Composite and application compatibility
Mike Hearn
m.hearn at signal.QinetiQ.com
Tue Aug 31 07:36:33 PDT 2004
Hi guys,
I've been reading the archives of this list and am a bit concerned that
the introduction of X compositing will break backwards compatibility
with some important software.
The first thread about this seems to have been the Flash/Mozilla issue.
The second suggests that some GTK 1.x apps can be broken.
This is a serious amount of breakage, similar in scope to the problems
caused by the introduction of NPTL which mangled RealPlayer, the JVM and
Wine amongst many other high profile, popular applications.
The recommended workaround seems to be to set an environment variable,
but I have severe reservations about this approach. It's been used
before, to disable NPTL for apps that didn't work with it, and has
several serious disadvantages:
1) You have to know about the environment variable in order to use it.

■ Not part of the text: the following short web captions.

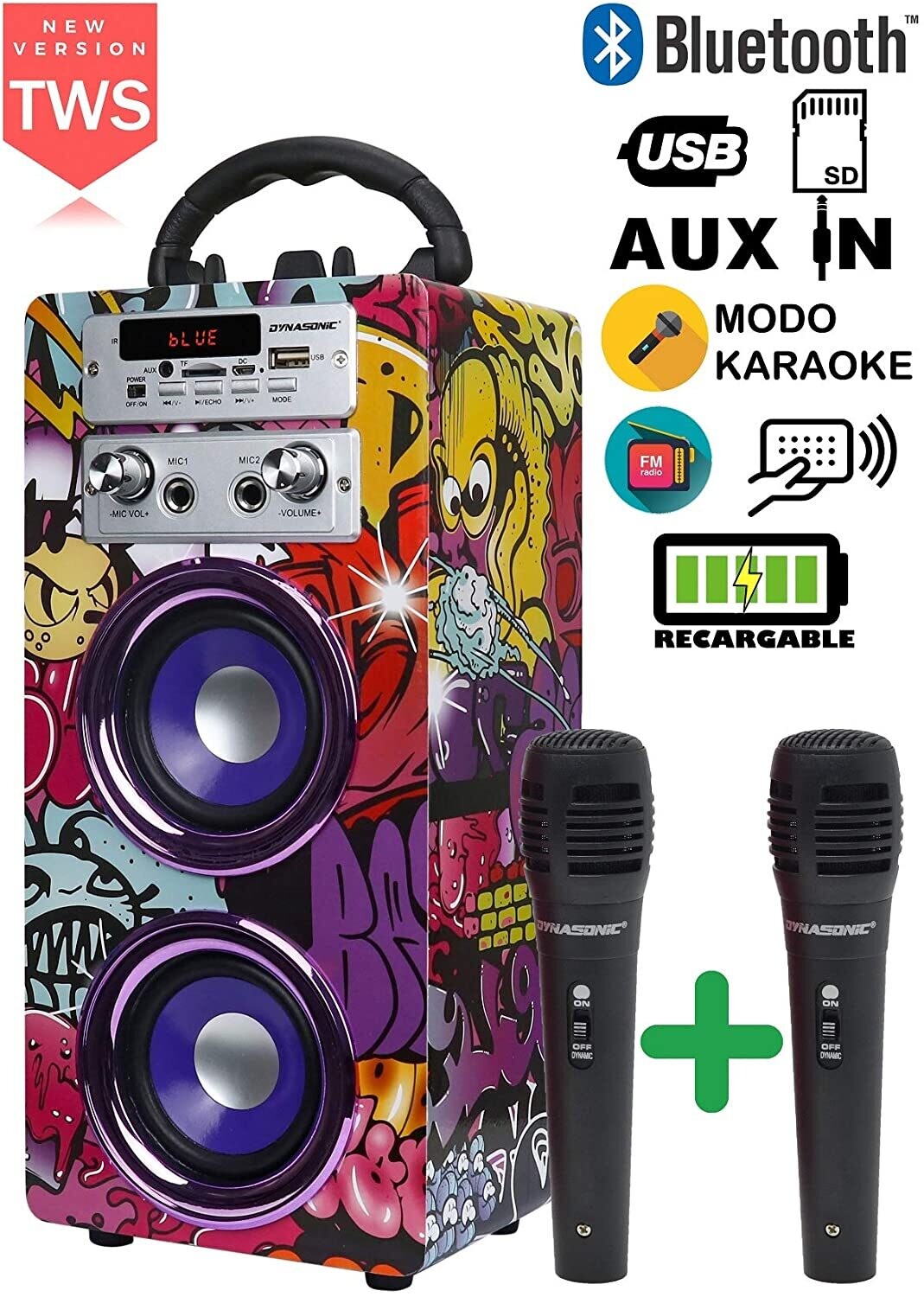 Karaoké - DYNASONIC - (3e génération) Haut-Parleur Bluetooth Portable avec Mode karaoké et Microphone, Radio FM et Lecteur USB SD (modèle 12, 2 Microphones)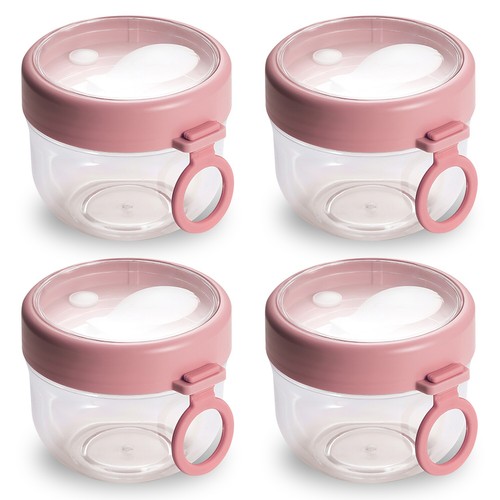 4Pcs 20OZ Overnight Oats Containers w/Lid Oats Jar Leak-proof For Milk Vegetable - Picture 13 of 14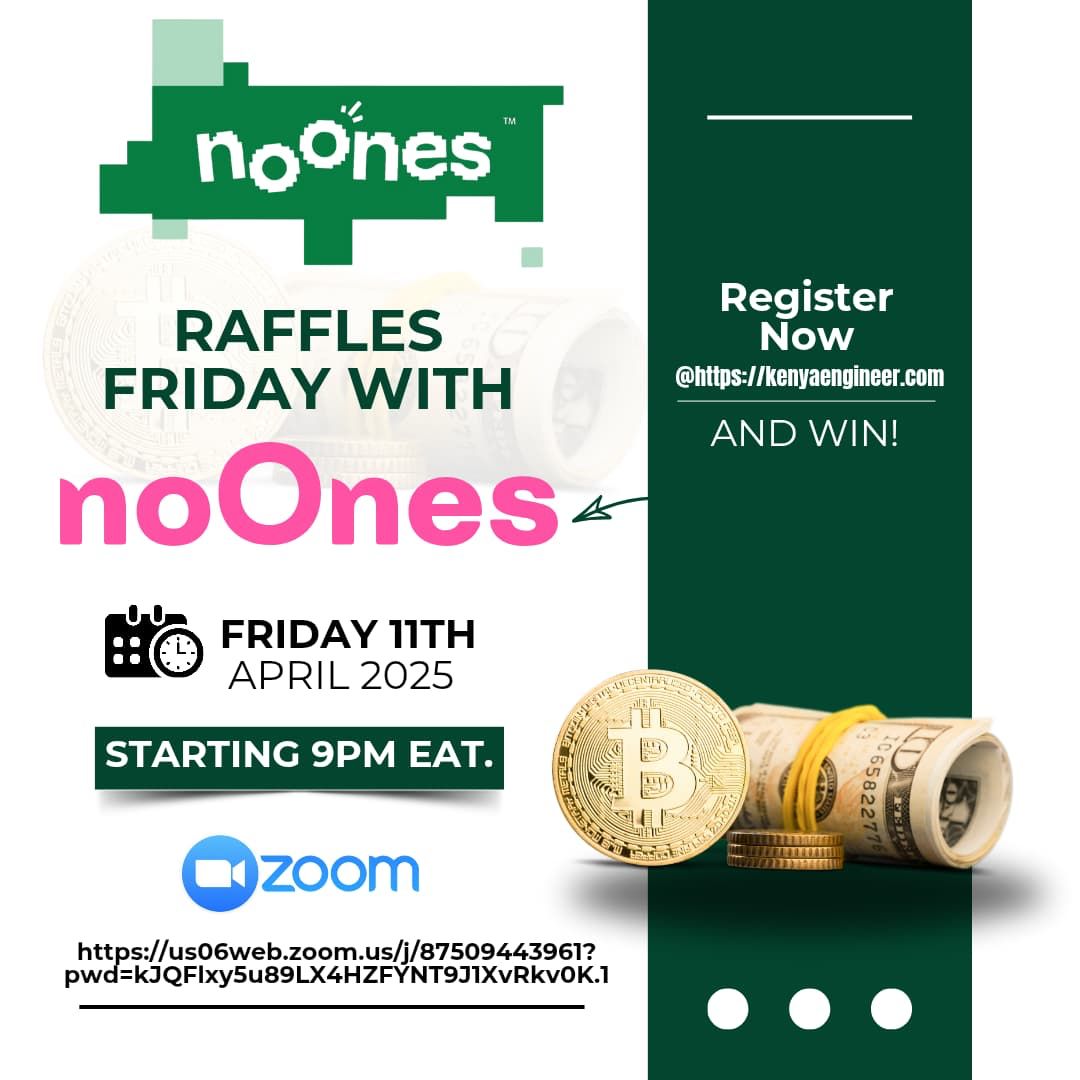 exchangesafari's tweet photo. It’s Raffle Friday with @Noones_Kenya
Join us this Friday, April 11th at 9PM EAT for a chance to win big in Crypto!

Register now at https://t.co/2SvvZ1TCdq
Zoom link: https://t.co/JrdzAWGXzJ @ray_noOnes @nickspanos @willyzaqs @Kibet_bull
#NoOnes #Bitcoin #CryptoRaffles #KenyaCrypto  Principal Waria lovers Boina GM Binance Eric Nancy Mind network Mo Salah Memphis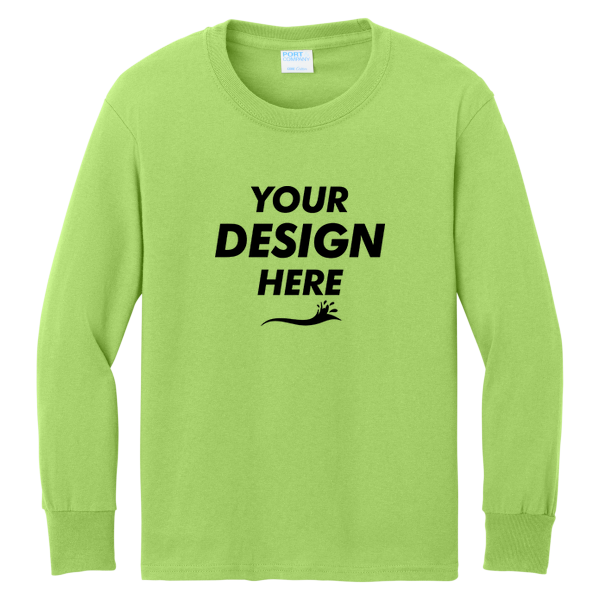 Port & Co Youth Long Sleeve Core Cotton Tee, Lime, Front view, Mockup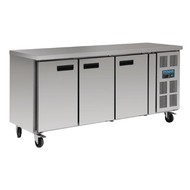 Polar koelwerkbank rvs 3 deurs 70cm 417ltr verrijdb.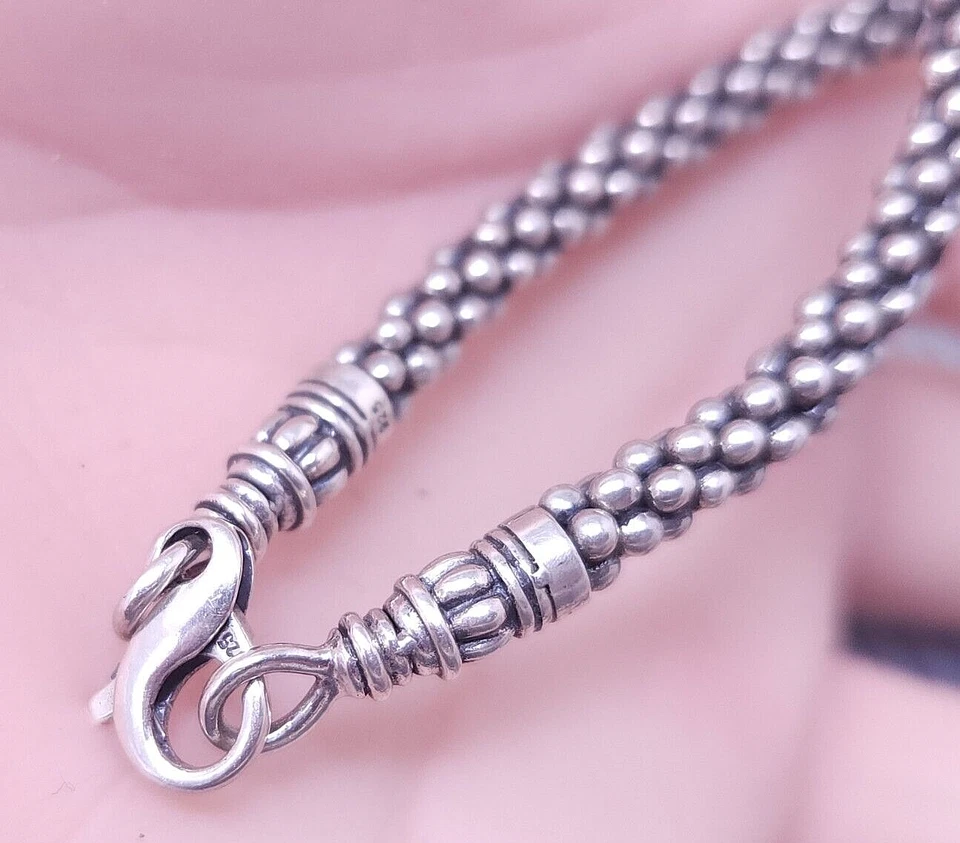 Collar de cuentas de cadena de plata de ley vintage de caviar de Lagos de 18" Foto 2 de 4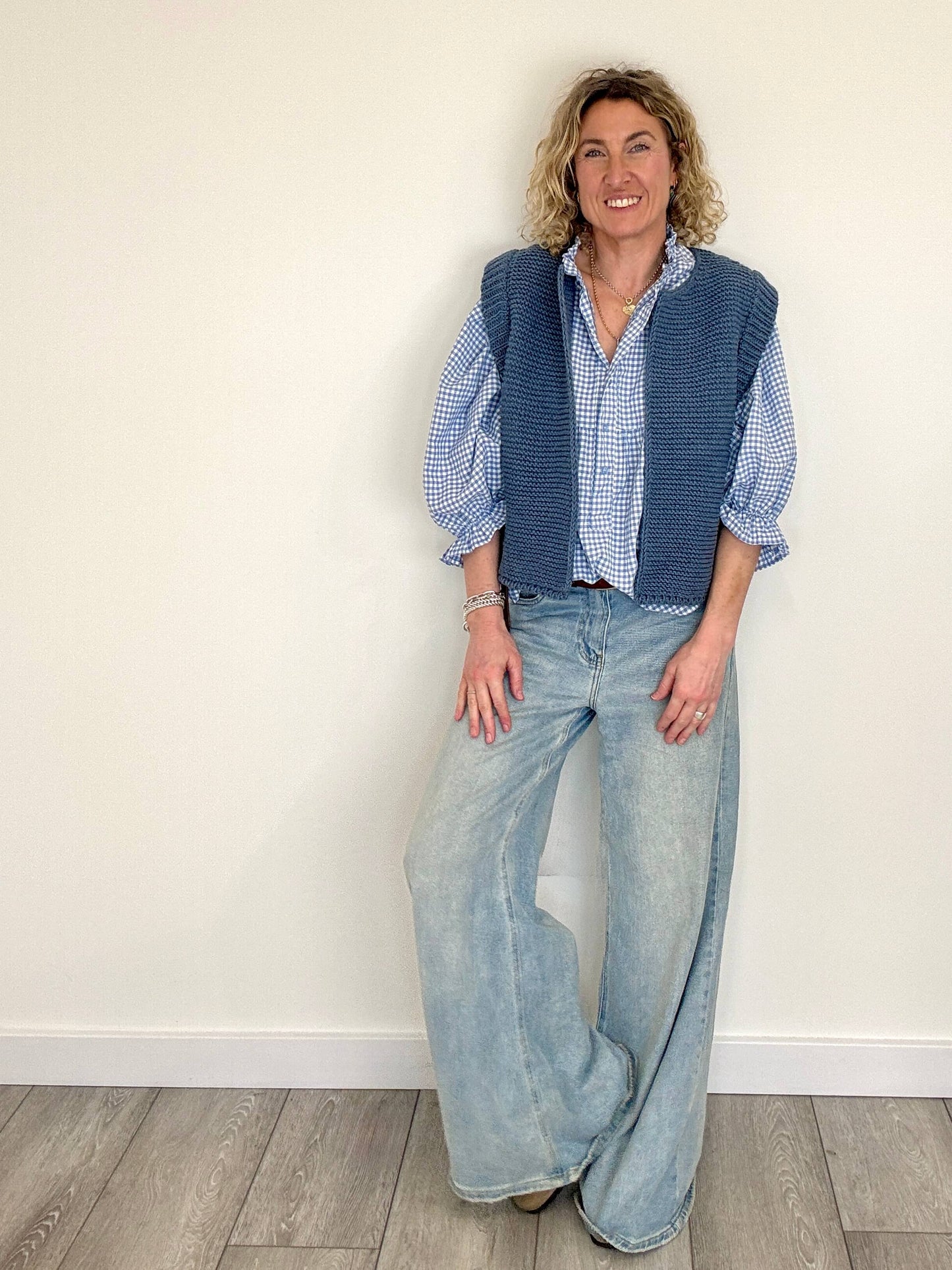 Mia Knitted Gilet | Denim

LD_ASSUME_KERNEL was never well documented until long after the fact.
Even if XLIB_SKIP_ARGB_VISUALS is well documented in man pages,
release notes etc, the vast majority of users will still be unaware
of it just through the nature of the thing.
2) You have to be able to diagnose the problem in order to use it.
For somebody who is not a programmer, this can be impossible. Often
I've only thought of using LD_ASSUME_KERNEL after putting gdb to work
on mysterious deadlocks and crashes. This is far beyond
the abilities of most Linux users who these days are usually not
developers. Even if the user *is* able to use a debugger there's no
guarantee that they will correlate BadMatch errors/crashes in Xlib
with the introduction of ARGB visuals much as many people could not
correlate crashes and deadlocks inside libpthreads with NPTL.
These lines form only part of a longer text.